Crawled caption data:
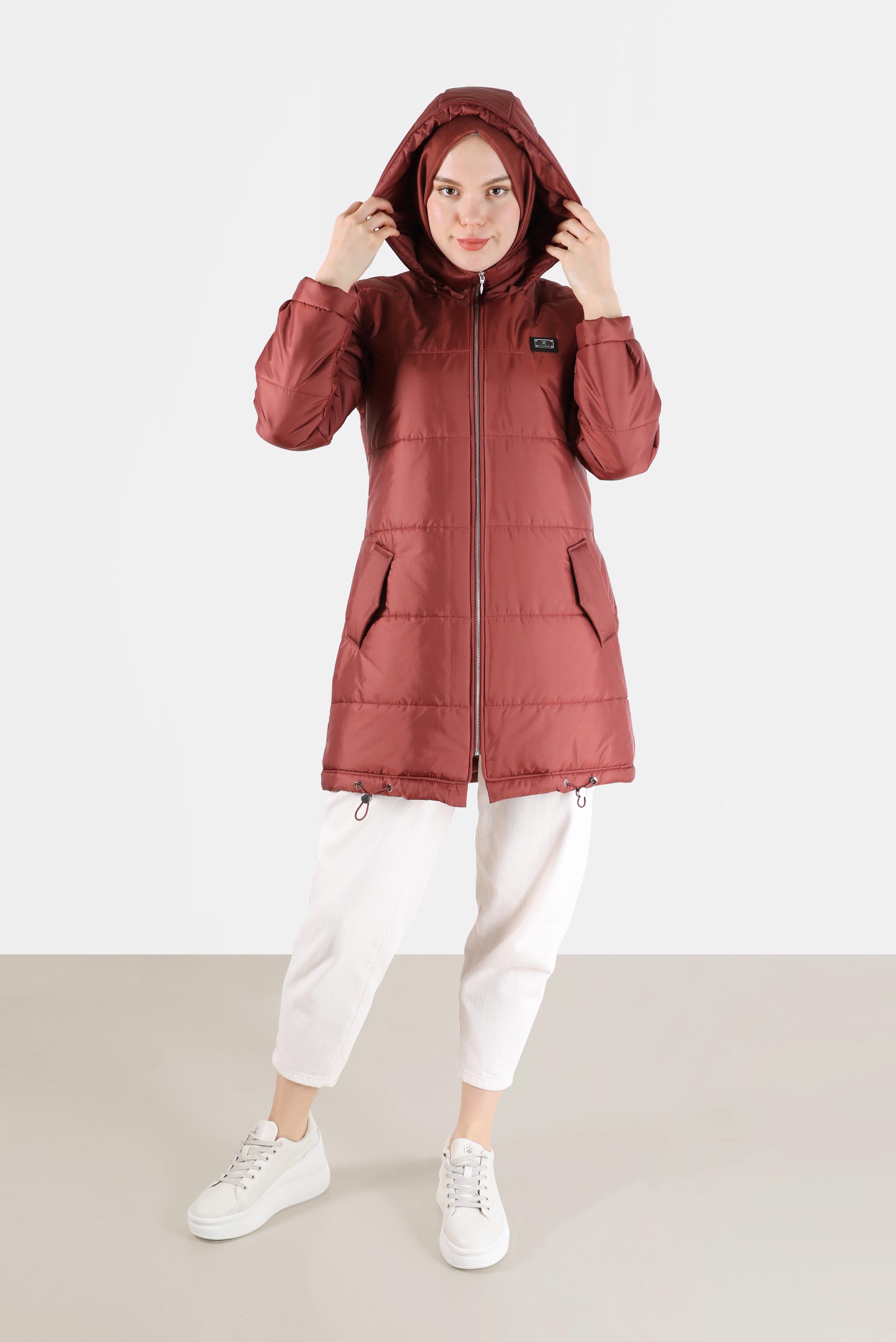 Hijab clothing ORANGE HOODED PUFFER COAT WITH SMOCKING HEM 90275 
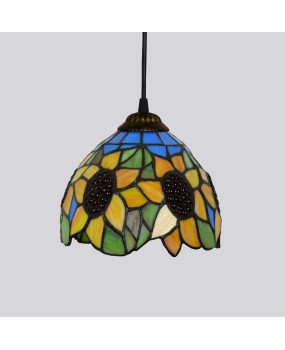 20CM Europa Tiffany Colored Glass Living Room Dining Room Bedroom Corridor Small Pendant Sun Flower Glass Lamp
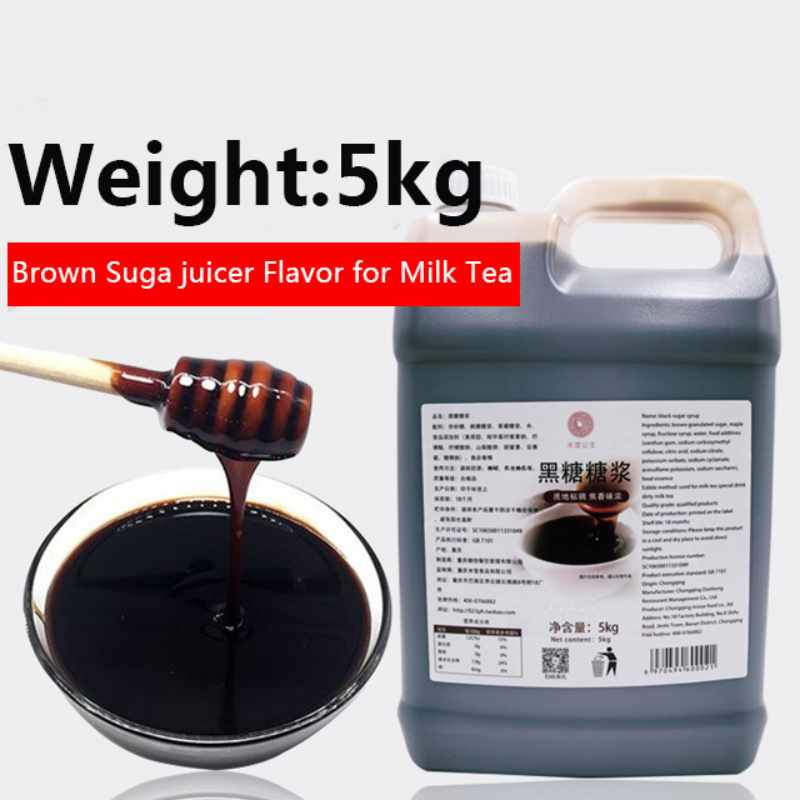 Mixue Hot Selling Bubble Pearl Tea Dessert Sugar Ingredients Materyal nga 5KG Brown Sugar Syrup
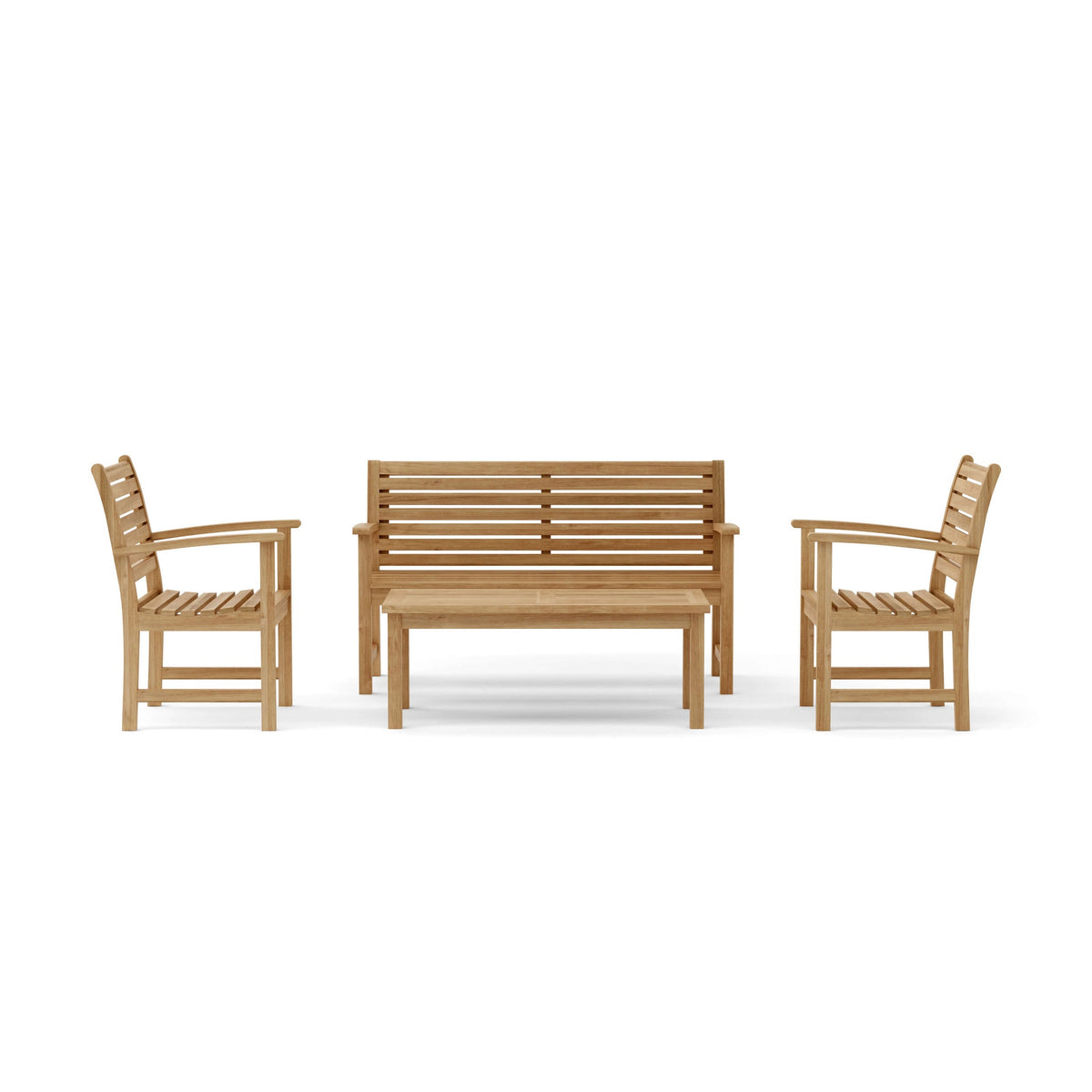 Wooden outdoor furniture set with two chairs and a bench on a white background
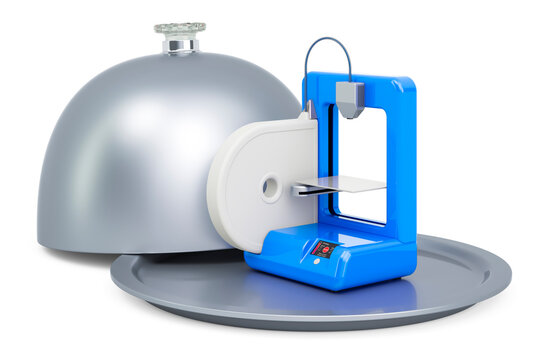 Restaurant Cloche With 3D Printer, 3D Rendering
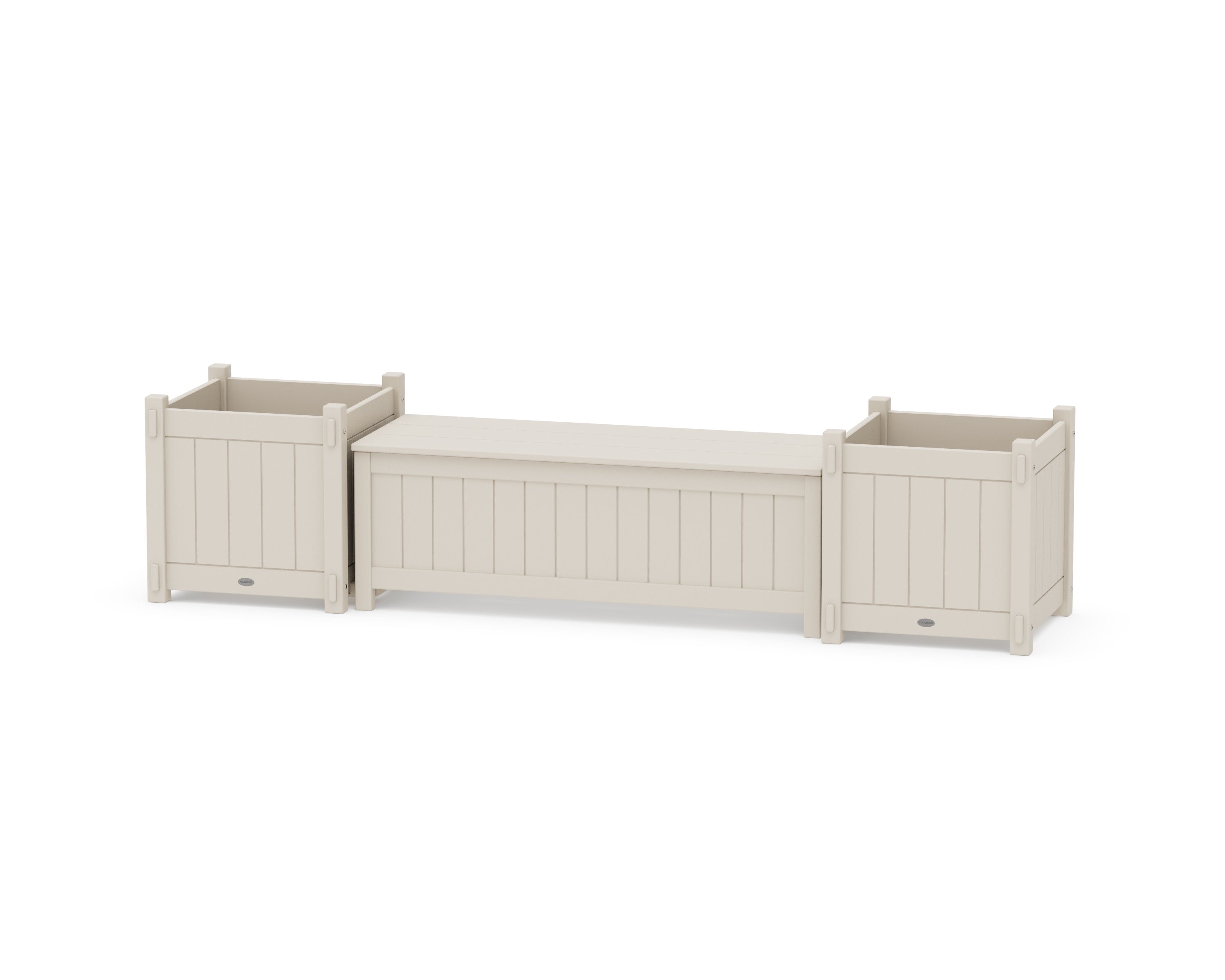 48" Vineyard Straight Planter Storage Bench Set- Large in Sand
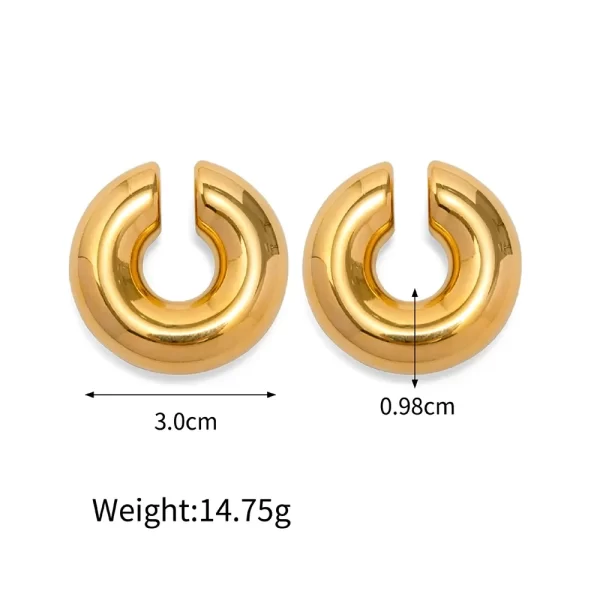 Stainless Stee Oversize Chunky Round Circle Clip Earring for Women Gold Plated C Shape Ear Cuff Stud Tube Thick Earclips Jewelry - Image 5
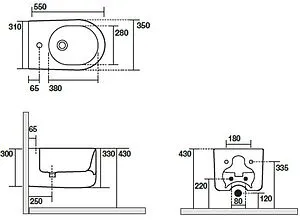 Биде подвесное Kerasan Nolita белый 532501, 5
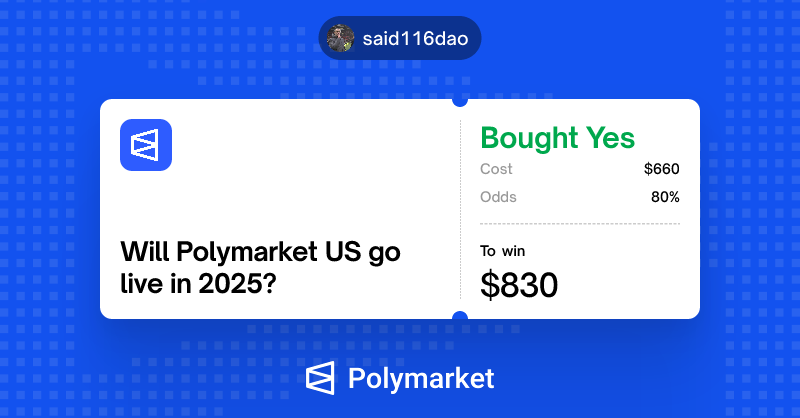 Yesterday, the <a href="/Polymarket/">Polymarket</a> sold $1 for 80c.

Polymarket is currently selling $1 for 95c.

You still have time to buy!

Polymarket will soon be launched at home.

In the United States🇺🇸🦅

gPoly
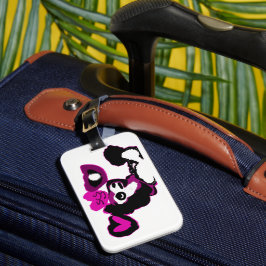 Lila pudelkonst bagagebricka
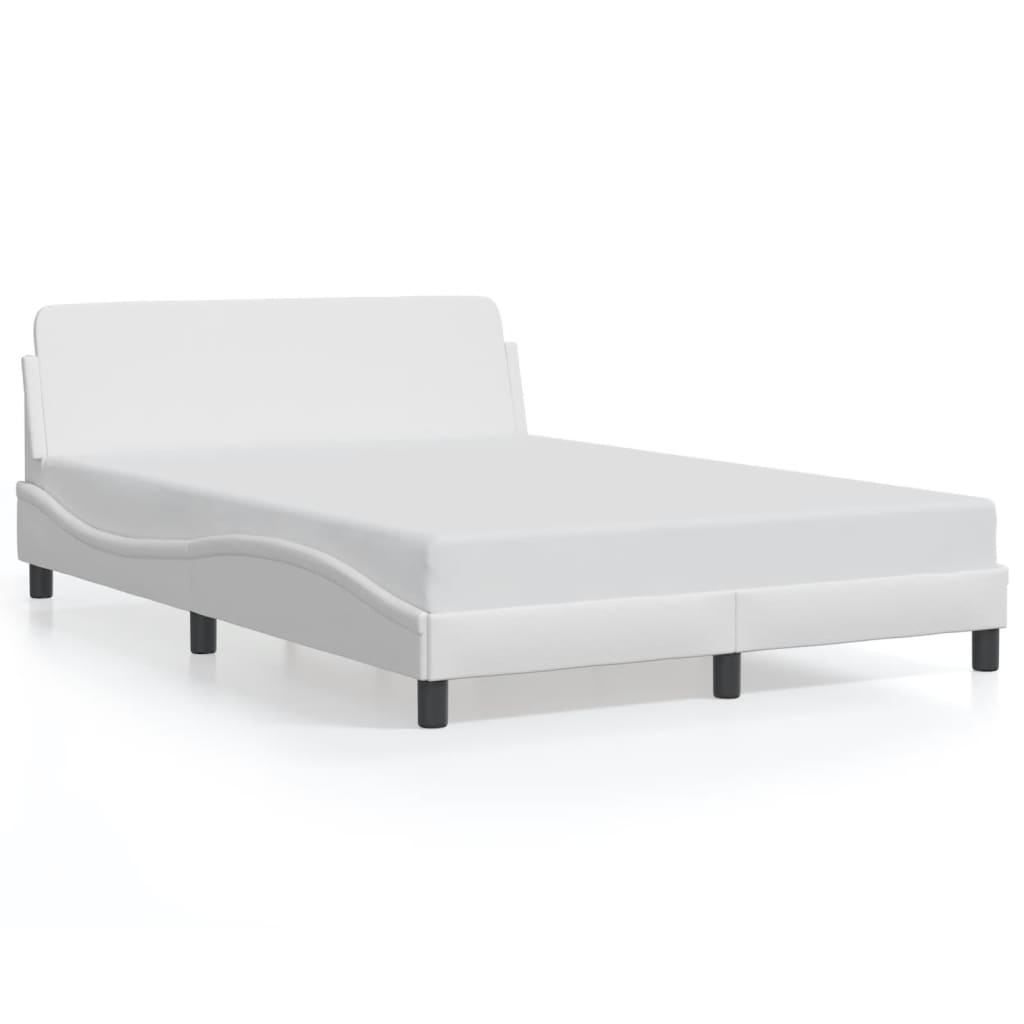 vidaXL Estructura de cama Dover cuero sintético blanco 140x190cm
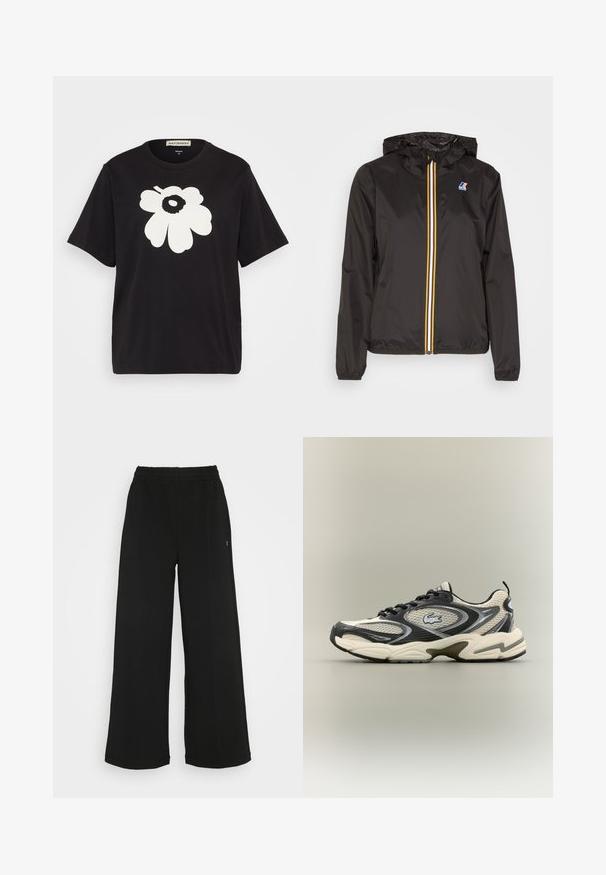 Black lightweight jacket with a hood, features a central zipper with red, yellow, and white stripes, and a logo on the left chest.; Black cotton t-shirt featuring a large white floral design on the front, short sleeves, and a relaxed fit. Label displayed at the neck.; Black wide-leg pants with an elastic waistband. Made from a soft, lightweight material. Features vertical seams along the front.; Black and beige mesh sneakers feature a padded collar, textured upper, and prominent logo on the side. Sleek design with curved sole.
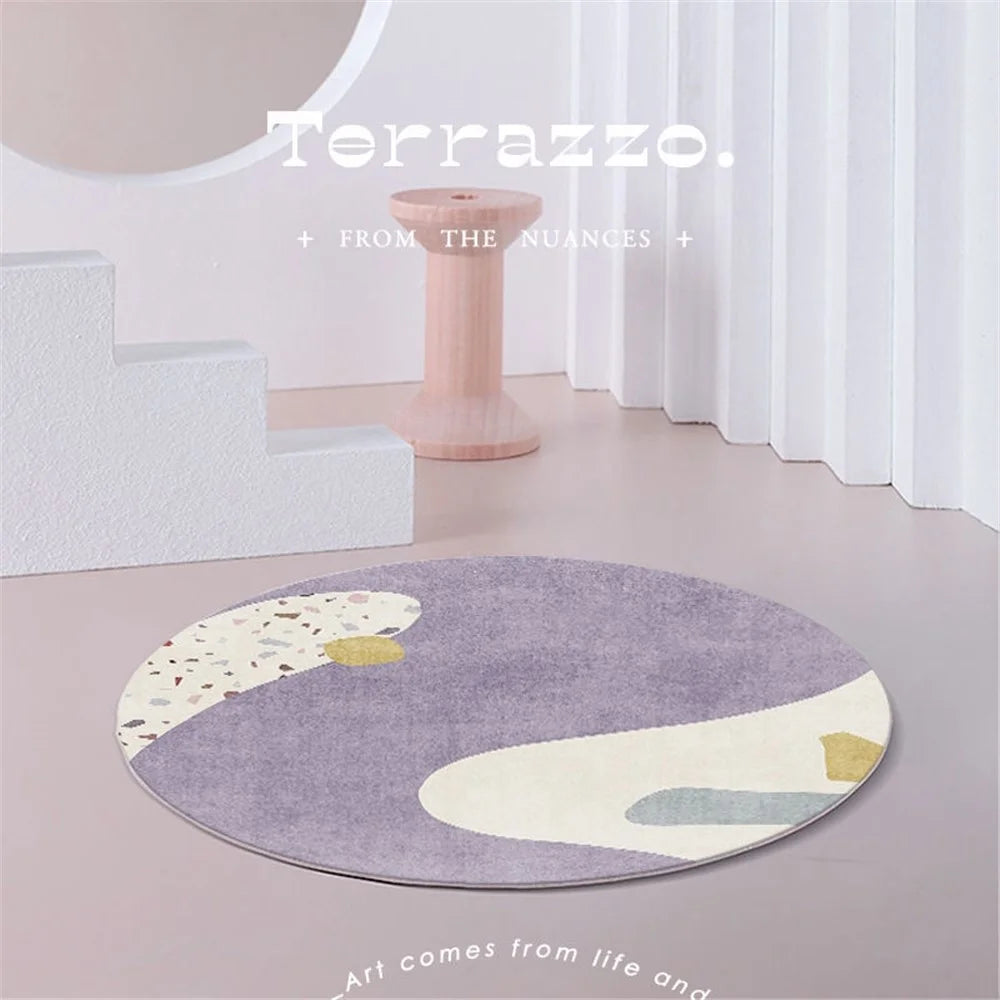 80cm Round Floor Mat Baby Mat Washable Soft Non-slip Floor Protector Anti-splash Mat Pad Home Bedroom Decoration - Terrazzo - 2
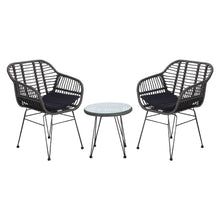 Load image into Gallery viewer, Rattan Bistro Set with Glass Top Table with Steel Frame Showerproof Cushions
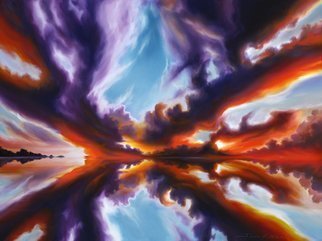 James Hill: 'Reflections of the Mind', 2009 Oil Painting, Sky.  Original Oil Painting, Sunrise, Sunset, Ocean, Sky, Shoreline, Shore, Sea, Water, River, Clouds, AcCloudscapes, morning, evening, red, yellow, orange, blue, green, light, power, God, Love, Energy ...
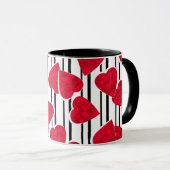 Mug Coeurs rouges (Devant droit)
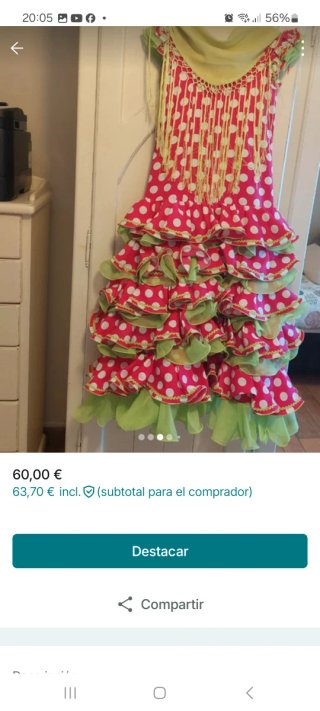 Traje Flamenca Niña Talla 7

### EXERCISE DIRECTIONS:
Could you copy out every record exactly, minus the pictures?

### EXERCISE OUTPUT:
 Hijab clothing ORANGE HOODED PUFFER COAT WITH SMOCKING HEM 90275 
 20CM Europa Tiffany Colored Glass Living Room Dining Room Bedroom Corridor Small Pendant Sun Flower Glass Lamp
 Mixue Hot Selling Bubble Pearl Tea Dessert Sugar Ingredients Materyal nga 5KG Brown Sugar Syrup
 Wooden outdoor furniture set with two chairs and a bench on a white background
 Restaurant Cloche With 3D Printer, 3D Rendering
 48" Vineyard Straight Planter Storage Bench Set- Large in Sand
 Stainless Stee Oversize Chunky Round Circle Clip Earring for Women Gold Plated C Shape Ear Cuff Stud Tube Thick Earclips Jewelry - Image 5
 Биде подвесное Kerasan Nolita белый 532501, 5
 Yesterday, the <a href="/Polymarket/">Polymarket</a> sold $1 for 80c.

Polymarket is currently selling $1 for 95c.

You still have time to buy!

Polymarket will soon be launched at home.

In the United States🇺🇸🦅

gPoly
 Lila pudelkonst bagagebricka
 vidaXL Estructura de cama Dover cuero sintético blanco 140x190cm
 Black lightweight jacket with a hood, features a central zipper with red, yellow, and white stripes, and a logo on the left chest.; Black cotton t-shirt featuring a large white floral design on the front, short sleeves, and a relaxed fit. Label displayed at the neck.; Black wide-leg pants with an elastic waistband. Made from a soft, lightweight material. Features vertical seams along the front.; Black and beige mesh sneakers feature a padded collar, textured upper, and prominent logo on the side. Sleek design with curved sole.
 80cm Round Floor Mat Baby Mat Washable Soft Non-slip Floor Protector Anti-splash Mat Pad Home Bedroom Decoration - Terrazzo - 2
 Load image into Gallery viewer, Rattan Bistro Set with Glass Top Table with Steel Frame Showerproof Cushions
 James Hill: 'Reflections of the Mind', 2009 Oil Painting, Sky.  Original Oil Painting, Sunrise, Sunset, Ocean, Sky, Shoreline, Shore, Sea, Water, River, Clouds, AcCloudscapes, morning, evening, red, yellow, orange, blue, green, light, power, God, Love, Energy ...
 Mug Coeurs rouges (Devant droit)
 Traje Flamenca Niña Talla 7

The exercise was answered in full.